Bu planda, yedi bölgede yedi tıp fakültesi açılmasını, her fakülte bünyesinde birer yetimhane ve birer çiftlik kurulmasını, yetimlerin sağlık personeli olarak yetiştirilmesini önerdi. Hizmetlerin nüfusa göre örgütlenmesini, her 20.000 nüfus ya da 40 köy için bir kırsal hastane olarak kabul edilebilecek 10 – 25 yataklı “sağlık merkezi” kurulmasını önerdi. Ayrıca, 500 yataklı tam teşekküllü bir hastane, 200 yataklı bir doğumevi, çocuk hastanesi, akıl ve sinir hastalıkları hastanesi, verem hastanesi, yaşlılar ve düşkünler yurdu, hemşire ve ebe okulları kurulacaktı. Hizmetlerin finansmanı için bir “Sağlık Bankası” kurulması öngörülüyordu.

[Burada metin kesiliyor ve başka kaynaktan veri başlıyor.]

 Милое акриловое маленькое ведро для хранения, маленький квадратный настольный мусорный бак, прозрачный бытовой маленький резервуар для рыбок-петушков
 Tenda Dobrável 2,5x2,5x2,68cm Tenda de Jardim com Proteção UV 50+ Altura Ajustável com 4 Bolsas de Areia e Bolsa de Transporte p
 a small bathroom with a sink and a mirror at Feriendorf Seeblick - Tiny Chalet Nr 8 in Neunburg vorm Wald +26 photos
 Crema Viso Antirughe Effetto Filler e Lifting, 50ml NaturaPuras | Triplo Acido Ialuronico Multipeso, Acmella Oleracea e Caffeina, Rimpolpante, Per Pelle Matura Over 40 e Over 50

Planın gerçekleştirilebilmesi için gereken 630 milyon liranın 550 milyon lirasını İngilizlerden sağlayacaktı. 1948 yılındaki bütçe görüşmeleri sırasında Behçet Uz önerdiği planla ilgili olarak şunları söylemişti: “....Planın gerçekleşmesi için gereken para çok görülmemelidir. Çünkü, bunun bir buçuk mislini, her sene vakitsiz kaybettiğimiz nüfus zayiatıyla milli istihsalden ziyan ettiğimizi teessürle belirtmek isterim....”.
Tasarı mecliste görüşülmeden ve Behçet Uz’un onayı alınmadan geri çekildi. Ancak, yetimhaneler kurularak Sağlık ve Sosyal Yardım ile Milli Eğitim Bakanlıkları arasında paylaştırıldı. Sonraki hükümette Behçet Uz yoktu. İzmir’e döndü.

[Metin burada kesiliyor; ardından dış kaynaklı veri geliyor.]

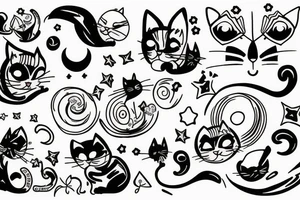 Cat looking in to the night sky tattoo idea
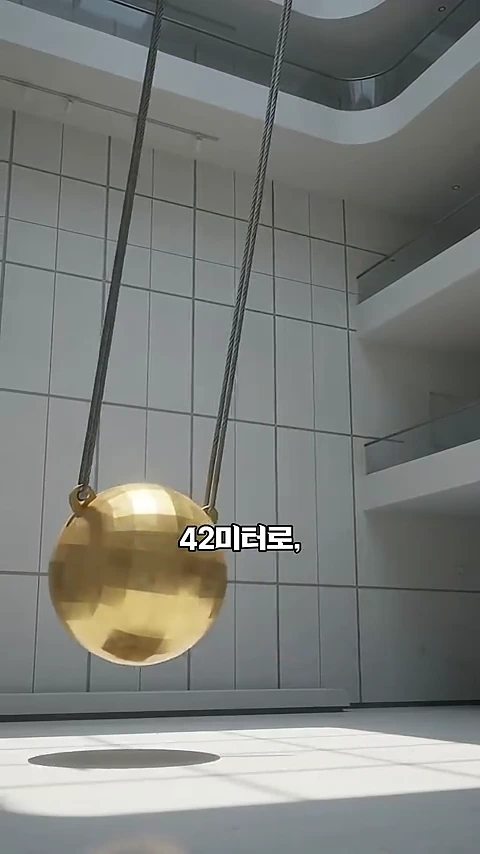 실내 공간에 두꺼운 와이어 두 줄로 매달려 있는 거대한 황금색 구형 금속 추의 모습이며 화면 중앙에는 42미터로라는 자막이 표시되어 있다.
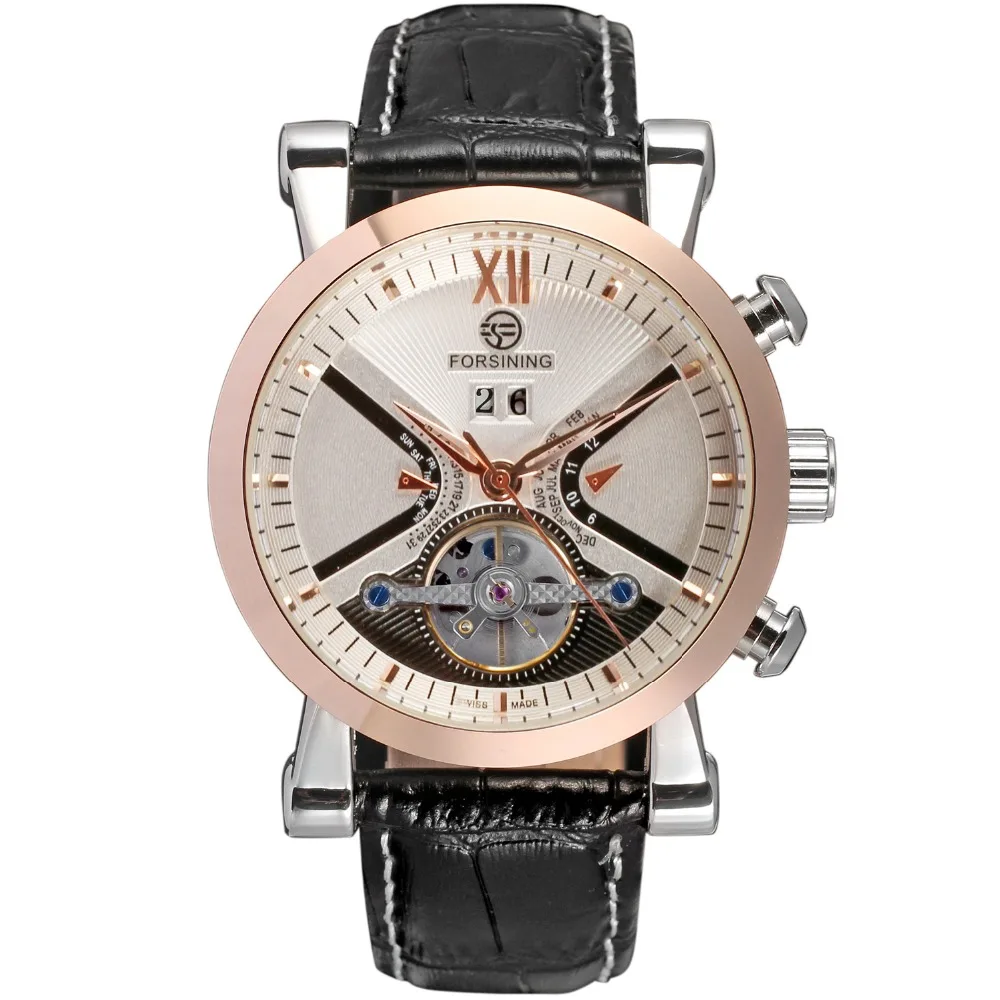 

Tourbillon Wrap Mens Watches Automatic Watch Golden Case Calendar Male Clock Black Mechanical Watch FORSINING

Adnan Menderes’in önerisiyle bağımsız milletvekili seçildi. Henüz Demokrat Partiye üye olmadan 1954 yılında Menderes kabinesine Sağlık Bakanı olarak atandı. Planını gözden geçirerek yeniden hükümete sundu. Plan beğenildi, incelemek üzere bir komisyon oluşturuldu. Ancak bir yıl sonra, Behçet Uz artık Sağlık Bakanı değildi ve planın uygulanmasını izleyecek kimse kalmamıştı. Yalnız, bazı yörelerde “sağlık merkezi” adı altında 15-25 yataklı ve dört uzmanlı küçük hastanelerin kurulması ile yetinildi. Bu arada, Adnan Menderes’i ikna ederek, 1955 yılında Ege Üniversitesi Tıp Fakültesi'nin kurulmasını sağladı.

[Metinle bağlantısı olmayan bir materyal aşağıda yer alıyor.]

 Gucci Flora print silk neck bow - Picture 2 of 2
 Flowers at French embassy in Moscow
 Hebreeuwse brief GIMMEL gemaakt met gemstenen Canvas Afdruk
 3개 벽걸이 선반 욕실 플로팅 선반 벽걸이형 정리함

Behçet Uzun’un Millî Sağlık Planı o dönemdeki Türkiye’nin sağlık sisteminin kurulmasında yeni bir soluk olabilirdi. Tek teselli, Behçet Uz’un “nüfusa göre örgütlenme”, “birinci ve ikinci basamak hizmetlerin entegrasyonu”, “sağlık hizmetlerinin kamu tarafından finansmanı” gibi ilkelerinin 1961 yılında kabul edilen “Sağlık Hizmetlerinin Sosyalleştirilmesi Hakkındaki Kanun”da yer almasıdır.